Ahududu, şifalı özelliklere sahip bitkiler olarak yüzyıllardır bilinmektedir. Polonya yetiştiriciliğinin başarıları sayesinde, iklimimizde ekime adapte edilmiş, Temmuz'dan dona kadar ürün veren ve sarıdan kırmızıya, siyaha kadar çeşitli renklerde meyveler veren çeşitlerimiz var.
Ahududuların iyileştirici özelliklerimeyvede biyolojik olarak aktif bileşiklerin varlığı ile ilgilidir. Daha koyu meyve rengine sahip çeşitlerin, antioksidan özelliklere sahip olan ve hastalıklardan korunmada önemli bir rol oynayan antosiyaninler açısından daha zengin olduğu bilinmeye değer. tümörler.Ayrıca meyve denilen zenginlik. Antibakteriyel ve antiviral özelliklere sahip olan ellagic asit, ahududu sularının soğuk algınlığından kurtulmasını sağlar. Antioksidanlar ayrıca ilaçlarda, örneğin ishal önleyici çaylarda, döküntüler için ve ağız ve boğaz iltihaplarında dezenfektan durulama olarak kullanılan yapraklarda da bulunabilir.
Ahududu çeşitleri iki gruba ayrılır: sözde iki yaşındaki sürgünlerde meyve veren yaz ve yıllık sürgünlerde sözde sonbahar mevsimi. İki yaşındaki sürgünlerde meyve veren ahududu, büyümenin ilk yılında sadece sürgün ve çiçek tomurcukları oluşturur ve ekimden sonraki ikinci yıla kadar, yani Temmuz ayında meyve vermeye başlamaz. Yıllık sürgünlerde meyve veren ahududular bir yıl içinde sürgün oluşturur, üzerlerinde çiçek açar, çiçek açar ve Ağustos başından itibaren meyve verir.
Yaz ahududuları desteklerin yanına yönlendirilmelidir. Genellikle 5-7 güçlü, iyi gelişmiş sürgün bırakılır ve pistiller arasında yatay olarak uzanan bir tele bağlanır.Sonbahar ahududuları genellikle destek gerektirmez, sürgünlerin "kümelerini" bir ip ile bağlayarak yalnızca sürgünlerinin yanlara yayılmasını sınırlayabilirsiniz. Arsaya çeşitli çeşitler ekerek yazdan sonbahara kadar değerlerinin tadını çıkarabiliriz. 'Laszka' (Haziran sonu, Temmuz başında meyve veren), 'Benefis' ('Laszka'dan iki hafta sonra'), 'Litacz' (Temmuz ayında meyve veren siyah ahududu), 'Polesie' (meyvenin başlangıcı 'Benefis'in meyve vermesinin sonuna denk gelir), 'Polka', 'Polana', 'Pokusa', 'Poranna Rosa' (sarı meyveli, Ağustos sonu veya Eylül başında meyve vermeye başlar. )

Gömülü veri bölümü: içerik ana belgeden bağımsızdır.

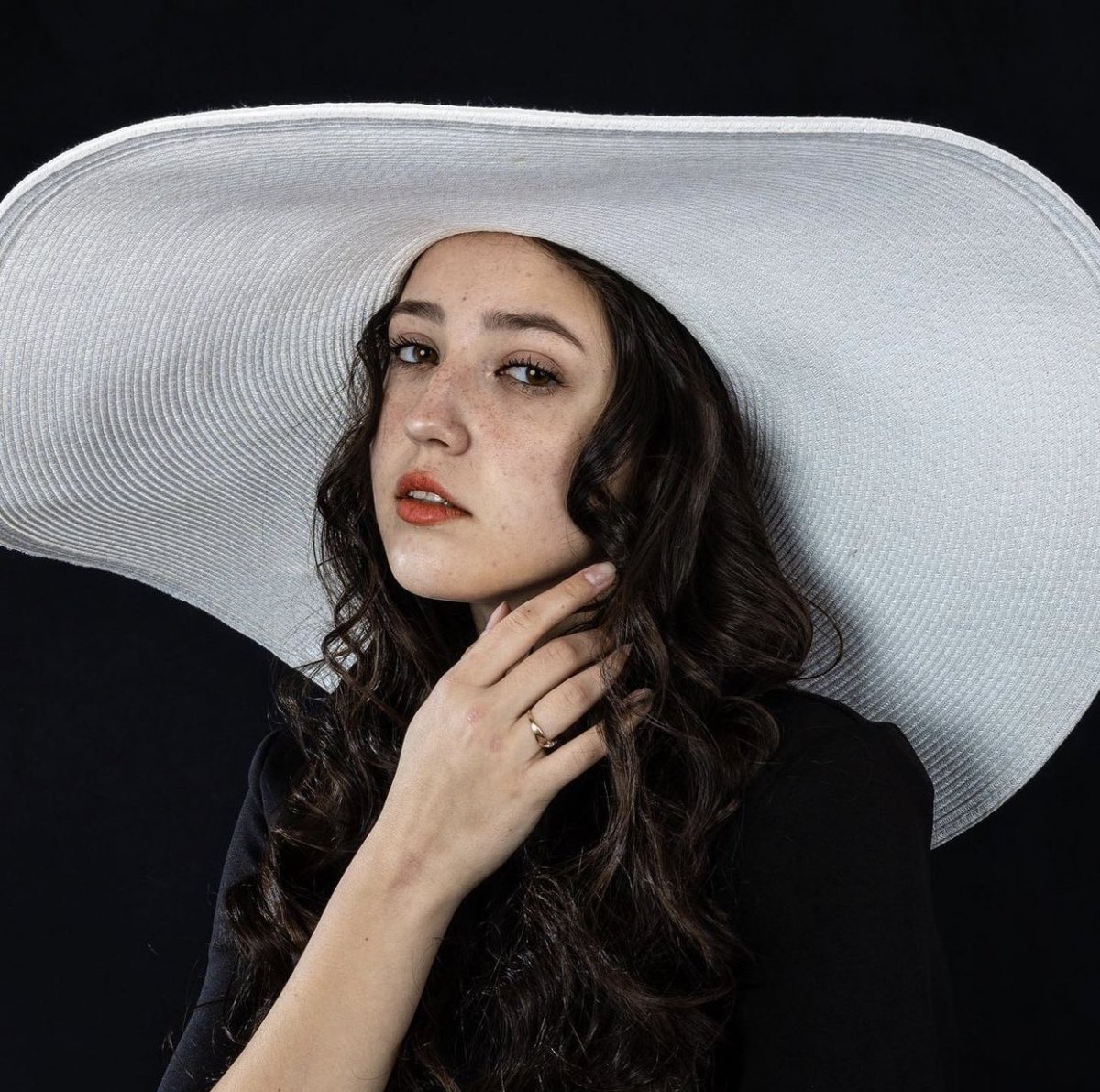 modelvaleriaa's tweet photo. “Art is not what you see, but what you
make others see.” #model #femalemodel #photoshoot #nature #femaleinfluencer #femalebrand #promotionalmodel #runwaymodel #printmodel #Californiagirls #highheels #fashionshows #photographers #tradeshowmodels #catwalk #sexy #fashionweek https://t.co/LwA08xXpgS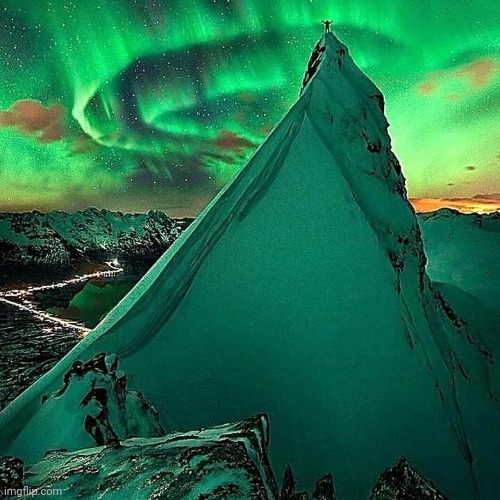 Aurora Borealis Apex | image tagged in aurora,mountain,apex,beautiful nature,awesome,pic | made w/ Imgflip meme maker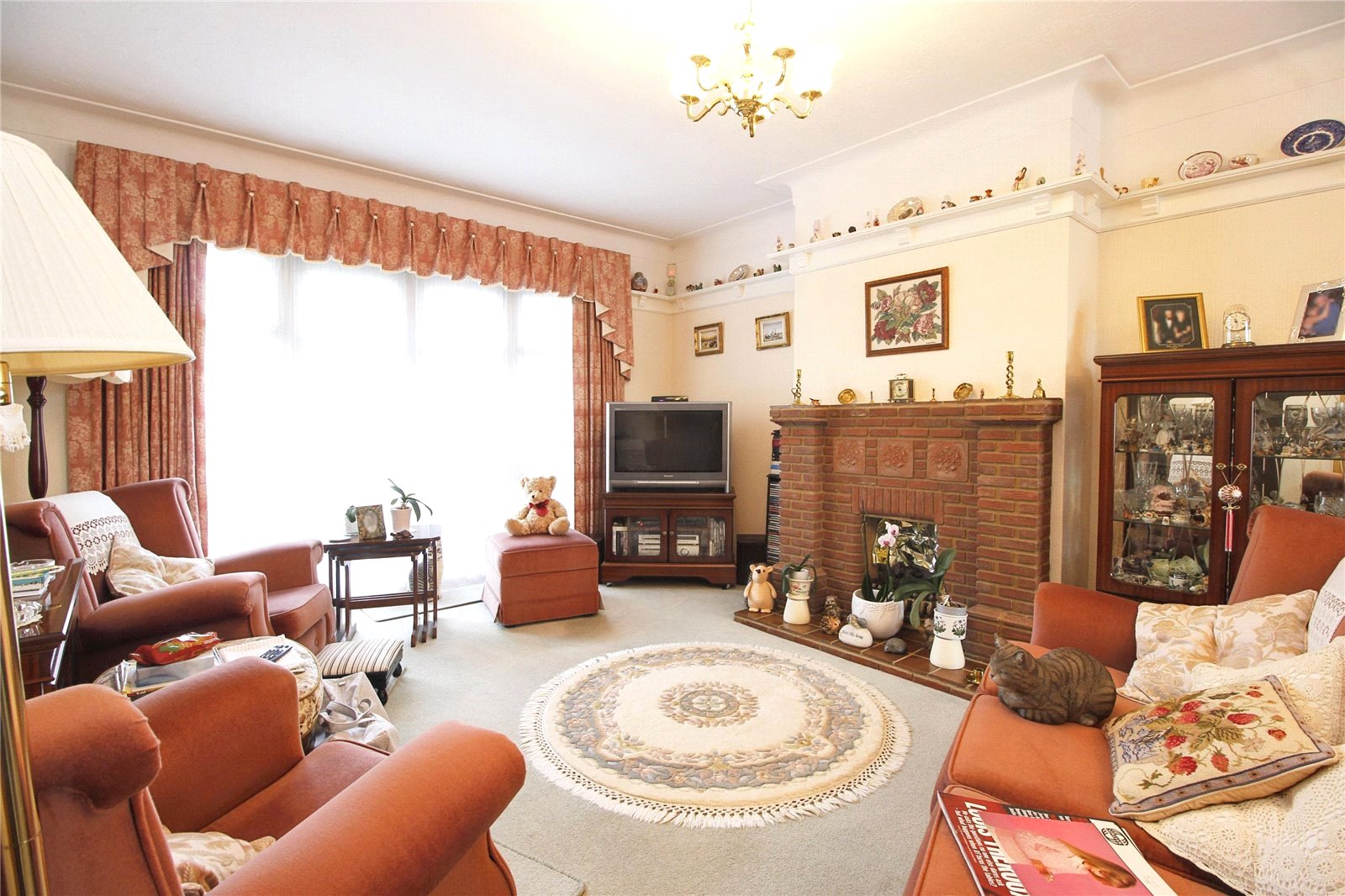 51, Ashurst Avenue, Essex photo 4
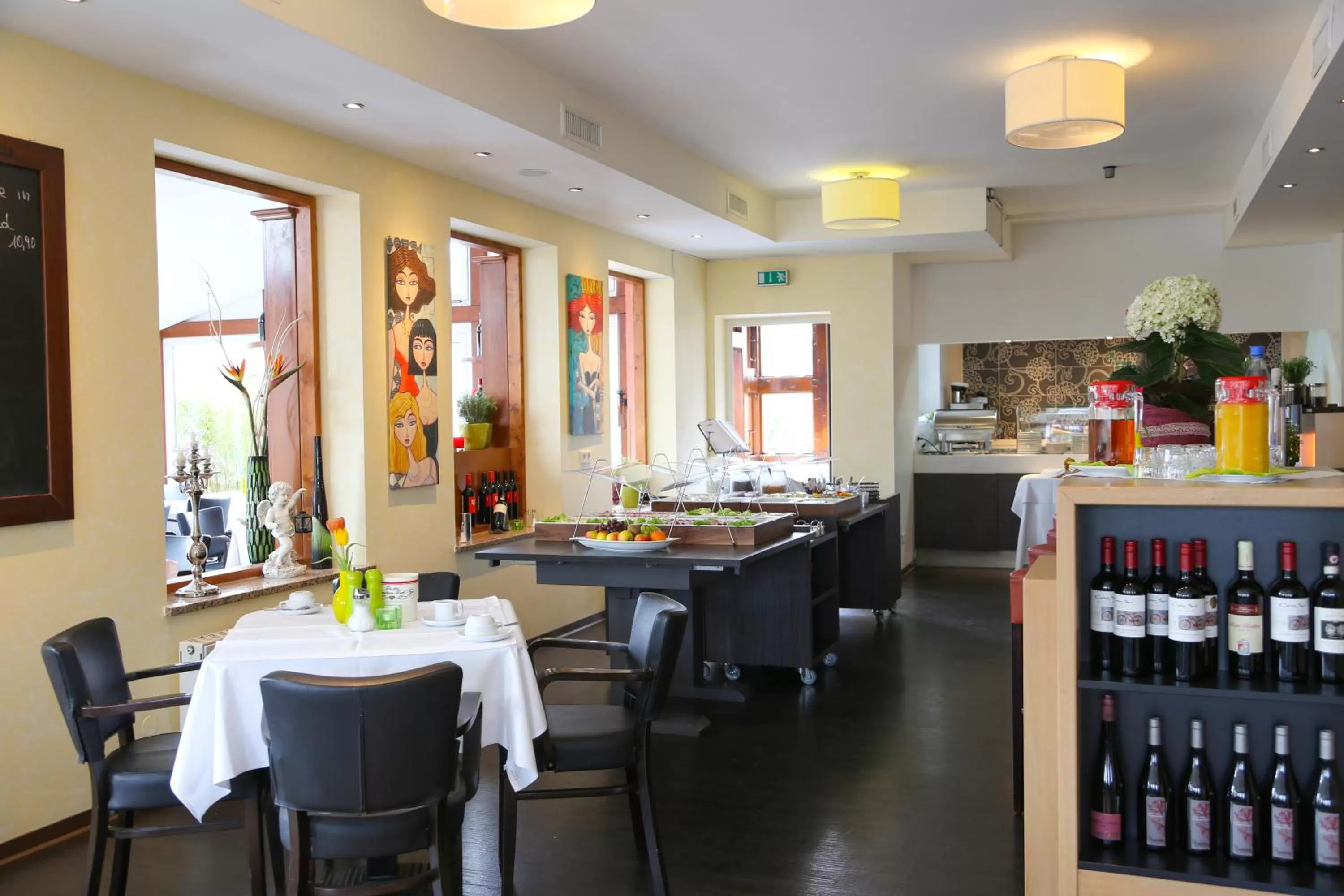 Food and drinks in HOTEL PARQÉO im A66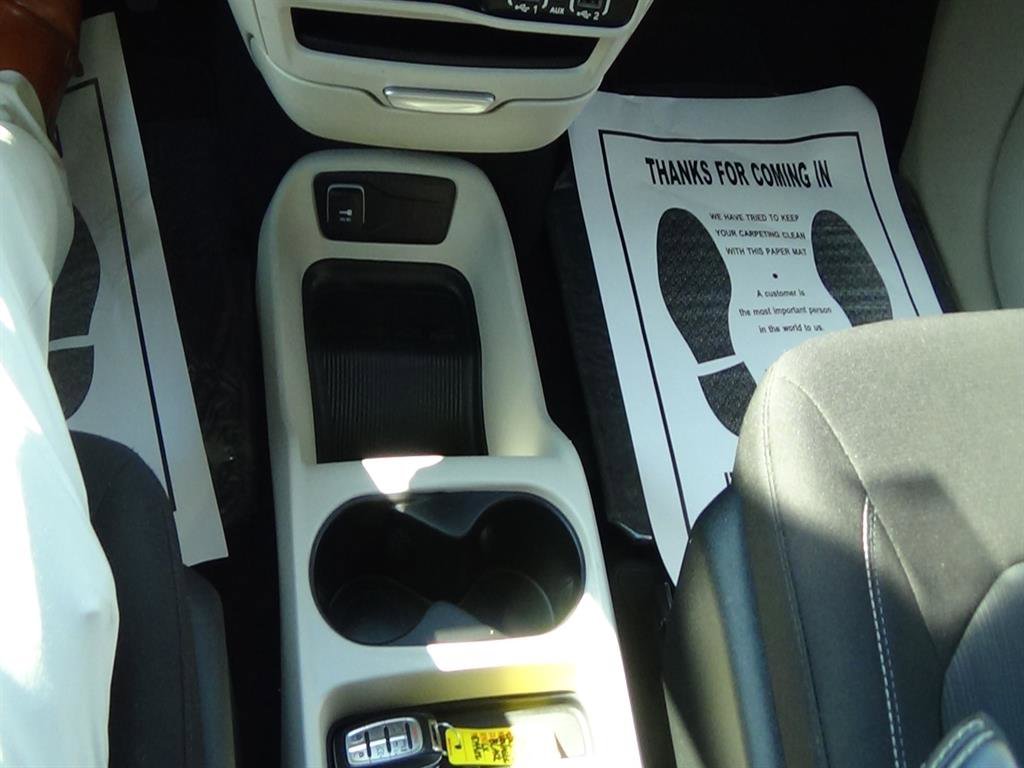 Used 2022 Chrysler Voyager LX image 27
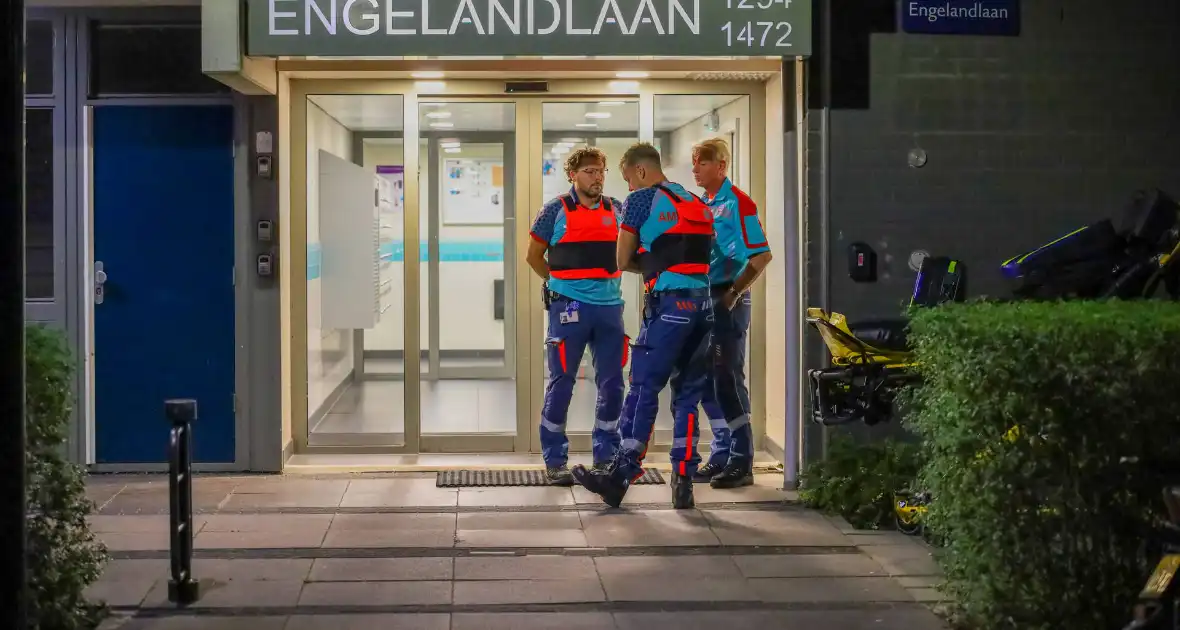 Steekpartij in flatgebouw vereist snelle medische hulp - Foto 2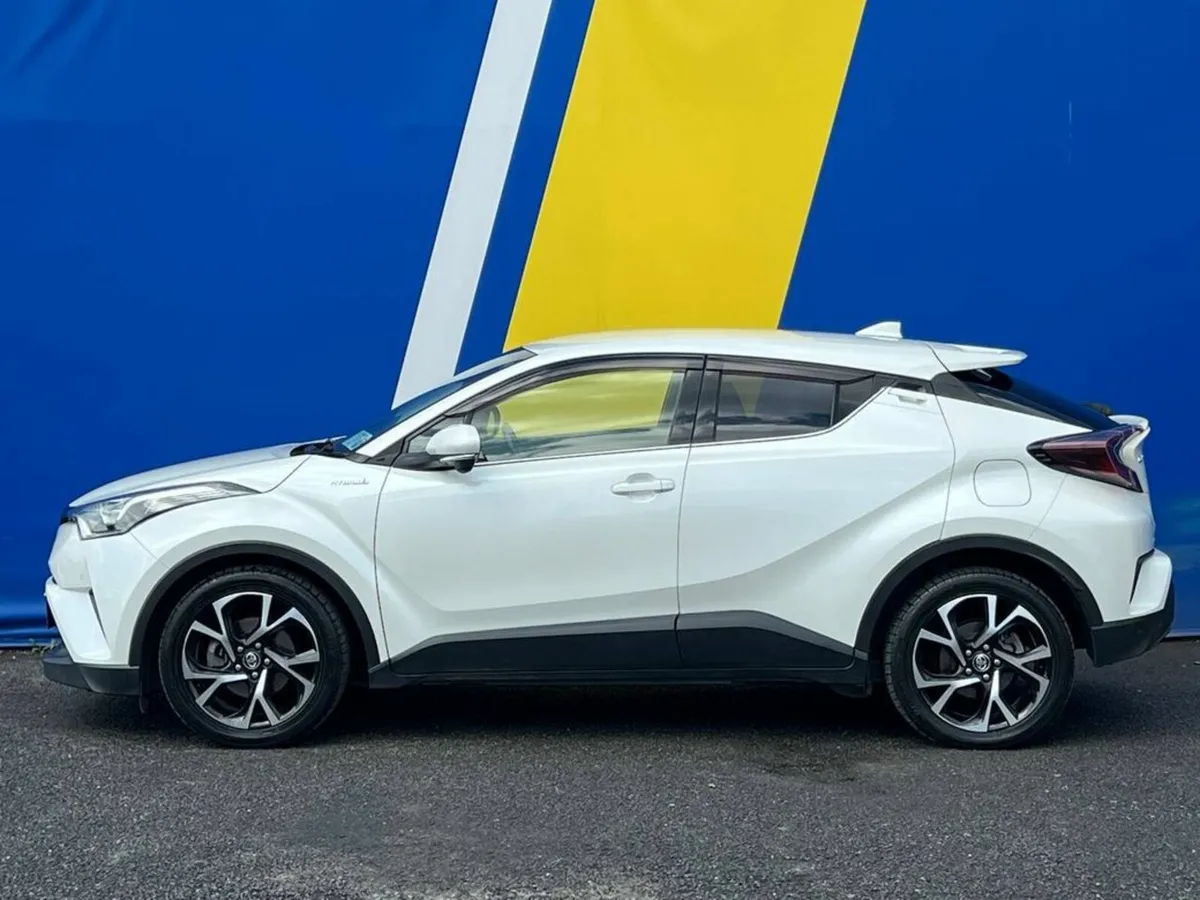 Toyota C-HR 1.8 HYBRID AUTO // DIAMOND CUT ALLOYS - Image 3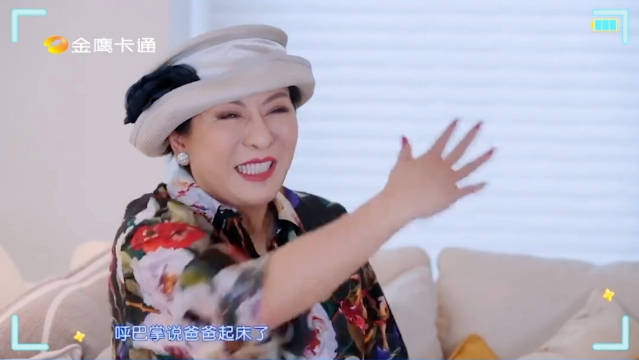 郭碧婷常住台北娘家带娃陪伴父亲，向佐发文感恩妻子守护家庭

Yaz ahududularının sürgünleri, meyve verdikten sonra, yani yeni sürgünlerin büyümesi için ışık ve havadar erişimi sağlamak için Ağustos ayının başlarında kesilir. Ayrıca eski sürgünleri keserek gelecek yıl için hastalık ve haşere istilasını sınırlamış oluyoruz.
Sonbahar ahududu pratikte dona kadar meyve verir,bu nedenle eski sürgünler genellikle önümüzdeki baharda çıkarılır.Sonbahar ahududuları için meyvelerin tekrarı elde edilebilir. Geçen yıl meyve veren sürgünün üst kısmını kesip alt kısmını sola bırakarak yazın (Temmuz) meyve alacağız. Büyüyen yeni sürgünler, ağustostan dona kadar meyve verir.
Büyüyen ahududu
Ahududu güneşli yerleri tercih eder, topraklar çok ağır değildir. Köklerini suyla doldurmaya karşı hassastırlar, bu nedenle yüksek düzeyde yer altı suyuna sahip topraklarda, sözde hafif bir yükseklikte bitki yetiştirmeye değer. yataklar. Ahududu toprağı önceden hazırlanmalı, yabani otlar ayıklanmalı ve örneğin yeşil gübreler (hardal, kadife çiçeği, tahıllar) ekilerek gübrelenmelidir. Çıplak köklü bitkiler sonbaharda veya ilkbaharda ekilir ve saksı bitkileri büyüme mevsimi boyunca ekilebilir.